A new institutional vision

Bulletin article
02 October 2000

As the EU prepares to become a club of 30-plus countries, the immense task of reforming its institutions - so that they can work effectivelyand gain some democratic credibility - will be unending. There are already signs of a new institutional model emerging, with the governments - and in particular the prime ministers who sit in the European Council - in control. This is a welcome development, since heads of government have some legitimacy in the eyes of electorates, but the model will need much refinement in future rounds of reform.

The European Council should become the EU's strategic authority, setting an agenda for the various councils of ministers and the Commission to follow. The old antagonism between supranational and inter-governmental institutions should become a thing of the past: a joined-up European Administration should include the Commission, the Council Secretariat and a new Diplomatic Service. There should be frequent exchanges of personnel between them and national administrations. A reformed General Affairs Council, consisting of senior politicians appointed by prime ministers, and based part of the time in Brussels, should co-ordinate the work of the other councils. The rotating presidency should be abolished, to ensure continuity in policy-making and in external representation. A single person should combine the foreign policy jobs currently held by Chris Patten and Javier Solana, speaking for the EU to the outside world and chairing meetings of the foreign ministers. A "Mr Euroland" should chair the meetings of Euroland finance ministers and represent the euro-zone in international financial negotiations. In each of the other councils, the ministers should elect one of their peers as the chair, for a two-year period.

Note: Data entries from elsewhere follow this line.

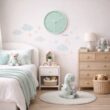 8-Inch Silent Wall Clock with 3D Numbers, Quartz Battery Operated, Pink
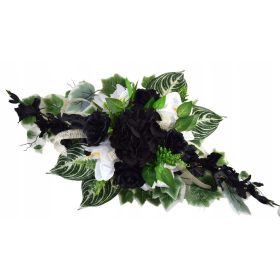    CREMEZUSAMMENSETZUNG FÜR FRIEDHOF GRABDENKMAL KÜNSTLICHE BLUMEN PFINGSTROSEN GLOIODOLEN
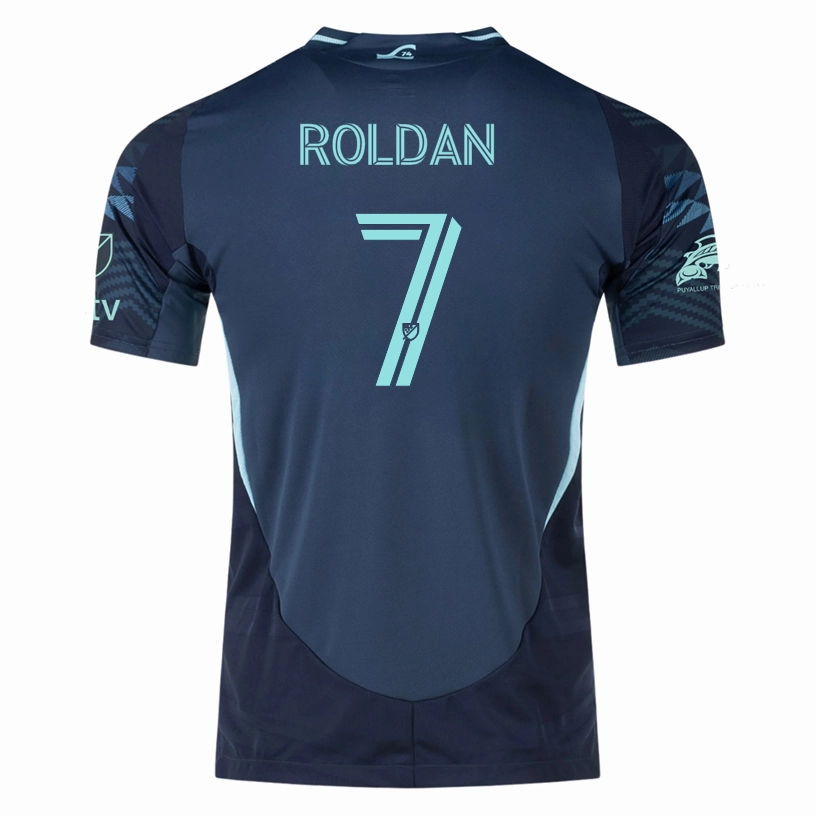 Easy Fit Wear adidas C. Roldan Seattle Sounders Authentic Away Jersey 25/26 w/ MLS Patches & Sponsor (Aura Ink)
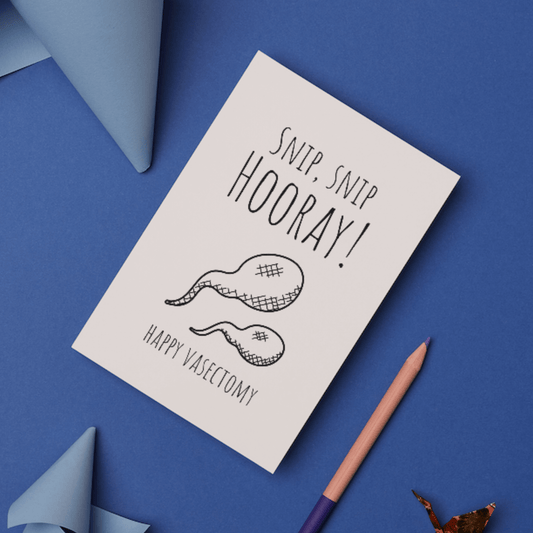 Little Kraken's Snip, Snip Hooray! Happy Vasectomy Greeting Card, for £3.50 each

Much needs to be done to enhance the Union's legitimacy. Council meetings should be televised. A new Standing Council on Subsidarity should propose, every year, that a list of outmoded laws, programmes and budget lines be scrapped; the European Council could accept or reject these proposals. It is crucial to create links between national political systems and what happens in Brussels. Thus half the MEPs should be sacked, to be replaced by members of national parliaments, with lighter responsibilities than the full-time MEPs. As for the Commission, it will lack the authority to perform its job of managing the single market and the enlargement negotiations unless it gains an electoral mandate. So each EU country should directly elect one commissioner for a non-renewable term. The European Council should then choose one of them as president. Sounds unlikely? Maybe. But if the EU wants to become a truly continental Union it must adapt - or suffer a lingering death.